:: TASK GOAL ::
I'd ask you to write out the lines below exactly, with no images.

:: COLLECTED MATERIAL ::

↓↓↓

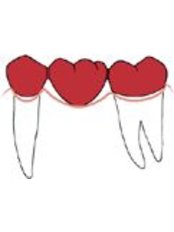Fixed Partial Dentures - Ribagin Dent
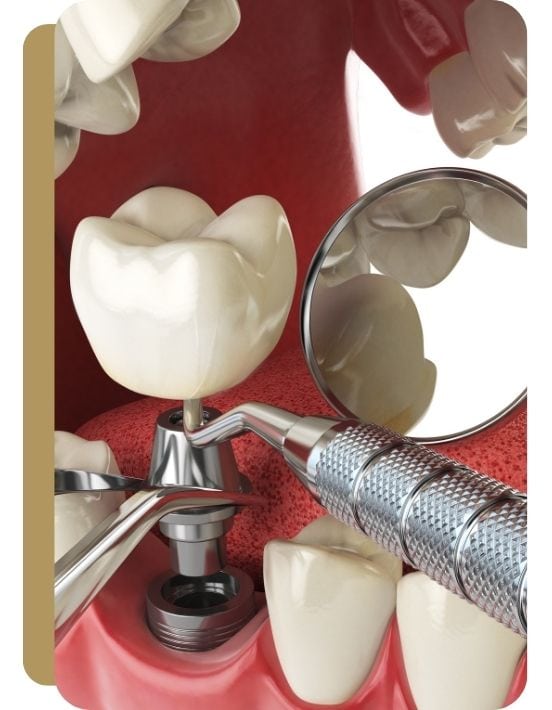 implanty zębowe Częstochowa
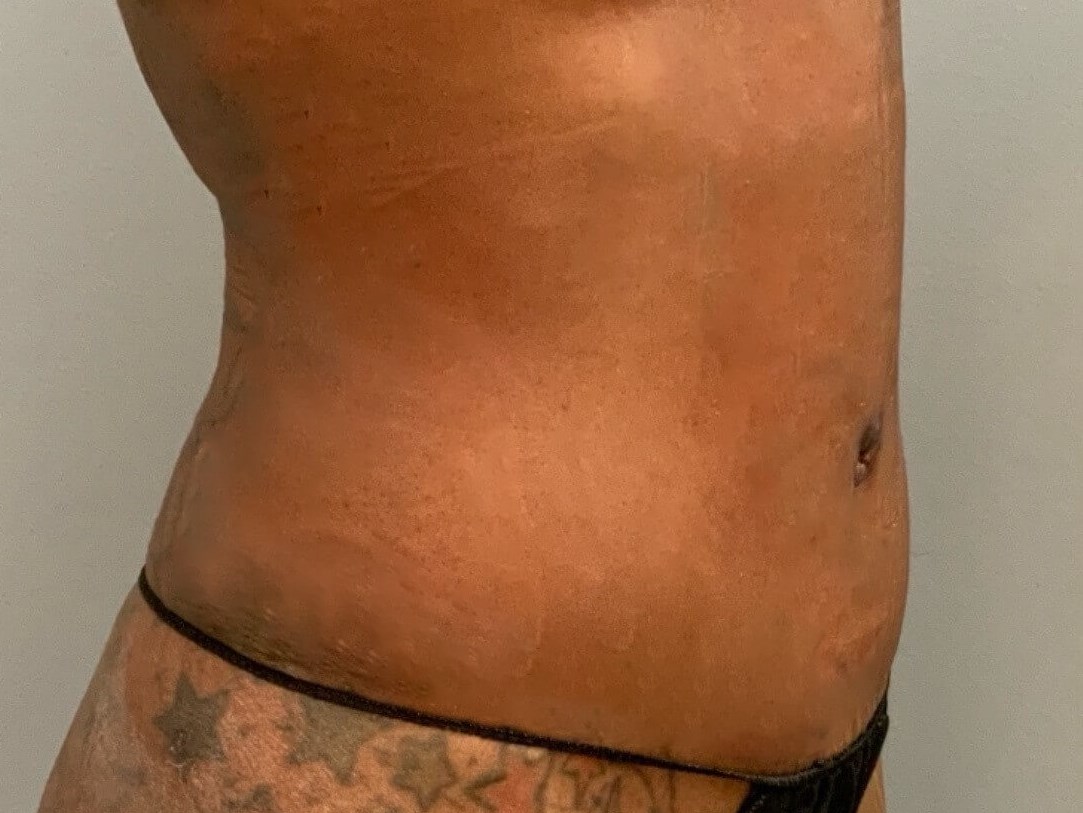 Tummy Tuck -Angled View After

↑↑↑

:: WRITTEN REPLY ::
Fixed Partial Dentures - Ribagin Dent
 implanty zębowe Częstochowa
 Tummy Tuck -Angled View After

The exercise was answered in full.